AI Automation Engineer
rcwmas
Job Description
🛠Core Responsibilities
- Vertex AI pipeline development
Build, manage, and scale Vertex AI Pipelines (Kubeflow / Vertex Workbench) to enable reproducible, robust ML/AI workflows. - Data ingestion & orchestration
Engineer data ingestion flows from various sources into GCS, BigQuery, or Cloud Storage, using Dataflow, Pub/Sub, Composer (Airflow), and Cloud Functions. - Secure data handling
Implement data classification, encryption (at‑rest and in‑transit), IAM governance, and audit logging using Cloud KMS, VPC Service Controls, Cloud DLP. - CI/CD for ML
Automate model builds, testing, deployment using Vertex AI Model Registry, Container Registry, Cloud Build, GitOps tools, and open-source CI/CD. - Infrastructure as Code (IaC)

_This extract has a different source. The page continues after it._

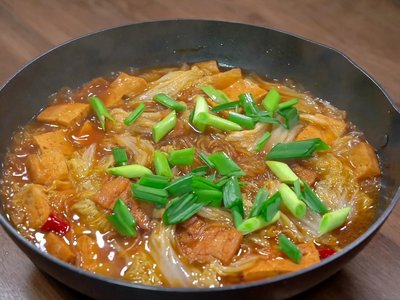 五花肉白菜豆腐炖粉条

Use Terraform, Deployment Manager, or CDK to define data and AI infrastructure, incorporating least-privilege policies and reproducibility. - Monitoring & observability
Deploy logging and monitoring using Cloud Monitoring, Logging, APM, Vertex AI Model Monitoring, and alerting for data drift, resource issues, and SLIs/SLOs. - Security reviews & compliance
Conduct threat modeling, risk assessments, align with SOC 2, ISO 27001, HIPAA or GDPR requirements as relevant. - Team leadership & collaboration
Mentor junior engineers, define best practices, collaborate cross-functionally with Data Engineering, MLOps, Security, and Product teams.
Job Requirement
✅ Qualifications & Skills
Must-Have:
- 0 to 3 years in engineering or MLOps roles, with hands-on experience building production workflows in GCP.
- Deep experience with Vertex AI, Kubeflow Pipelines, or Kubeflow on GKE.
- Proficiency in Python, Terraform (or comparable IaC tools), SQL.
- Strong knowledge of GCP services: BigQuery, Dataflow, Pub/Sub, Cloud Functions, Cloud Storage, Secret Manager, IAM, KMS, VPC, etc.
- Expertise in secure data workflows: encryption, compliance frameworks, identity and access management.
- Experience implementing CI/CD automation for AI/ML systems.
Nice-to-Have:
- Certifications such as Google Cloud Professional Data Engineer, Professional Cloud Architect, or MLOps Engineering Specialist.
- Familiarity with Docker, Kubernetes, Kubernetes-native orchestration.
- Knowledge of GitOps tooling: ArgoCD, Flux, or Jenkins X.
- Experience with data cataloguing tools like Data Catalog, DataGov, Great Expectations, or similar.
- Statistical understanding of model evaluation, drift detection, bias mitigation.